A balloon filled with an ideal is taken from the surface of the sea deep to a depth of 100 m. What will be its volume in terms of its original volume ?

To solve the problem of finding the volume of a balloon filled with an ideal gas when taken from the surface of the sea to a depth of 100 meters, we can use the principles of gas laws, particularly Boyle's Law. Boyle's Law states that for a given mass of gas at constant temperature, the pressure and volume of the gas are inversely related. ### Step-by-Step Solution: **Step 1: Understand the Initial Conditions** - At the surface of the sea, the pressure (P1) is equal to atmospheric pressure, which is approximately 1 atm (or 101.3 kPa). - Let the initial volume of the balloon be V1. **Step 2: Calculate the Pressure at 100 m Depth** - The pressure increases with depth in a fluid.

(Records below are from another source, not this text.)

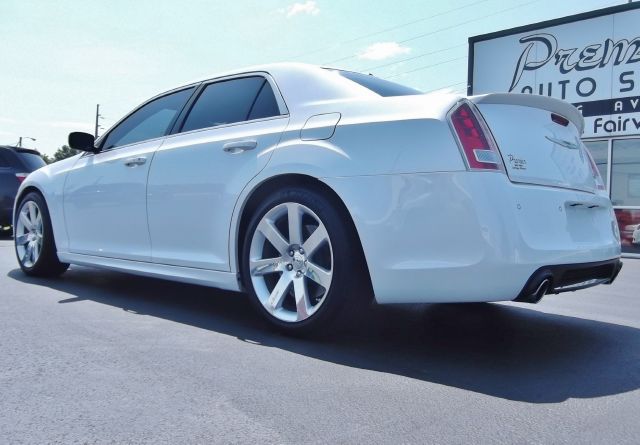 2012 Chrysler 300 XLS 4WD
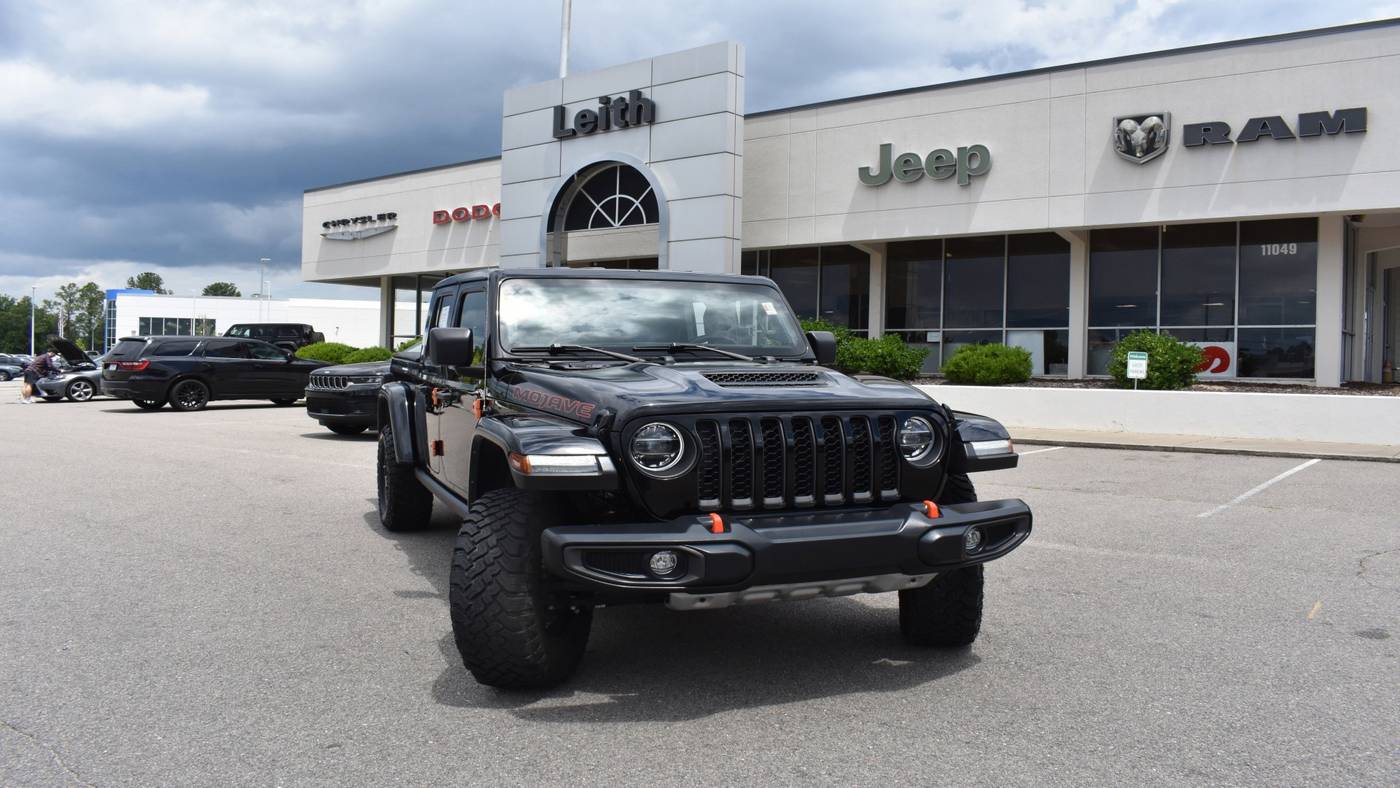 2022 Jeep Gladiator Mojave — Pickup Truck — 13,307 mi — Aberdeen, NC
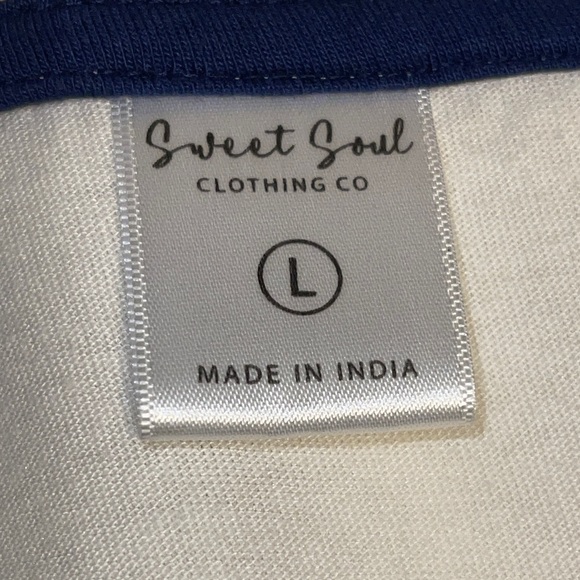 Faith Over Fear Off White T-Shirt - Picture 5 of 5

The pressure at a depth (h) in a fluid can be calculated using the formula: \[ P = P_0 + \rho g h \] where: - \( P_0 \) = atmospheric pressure (1 atm) - \( \rho \) = density of seawater (approximately 1025 kg/m³) - \( g \) = acceleration due to gravity (approximately 9.81 m/s²) - \( h \) = depth (100 m) **Step 3: Calculate the Total Pressure at Depth** - Substituting the values: \[ P = 1 \, \text{atm} + (1025 \, \text{kg/m}^3)(9.81 \, \text{m/s}^2)(100 \, \text{m}) \] - Convert 1 atm to Pascals: \( 1 \, \text{atm} = 101325 \, \text{Pa} \) - Calculate the hydrostatic pressure: \[ \text{Hydrostatic Pressure} = 1025 \times 9.81 \times 100 \approx 1000000 \, \text{Pa} = 10 \, \text{atm} \] - Therefore, the total pressure at 100 m depth: \[ P_2 = 1 \, \text{atm} + 10 \, \text{atm} = 11 \, \text{atm} \] **Step 4: Apply Boyle's Law** - According to Boyle's Law: \[ P_1 V_1 = P_2 V_2 \] Rearranging gives: \[ V_2 = \frac{P_1 V_1}{P_2} \] Substituting the values: \[ V_2 = \frac{1 \, \text{atm} \cdot V_1}{11 \, \text{atm}} = \frac{V_1}{11} \] **Step 5: Conclusion** - The volume of the balloon at a depth of 100 m will be: \[ V_2 = \frac{V_1}{11} \] - Thus, the volume of the balloon decreases to one eleventh of its original volume.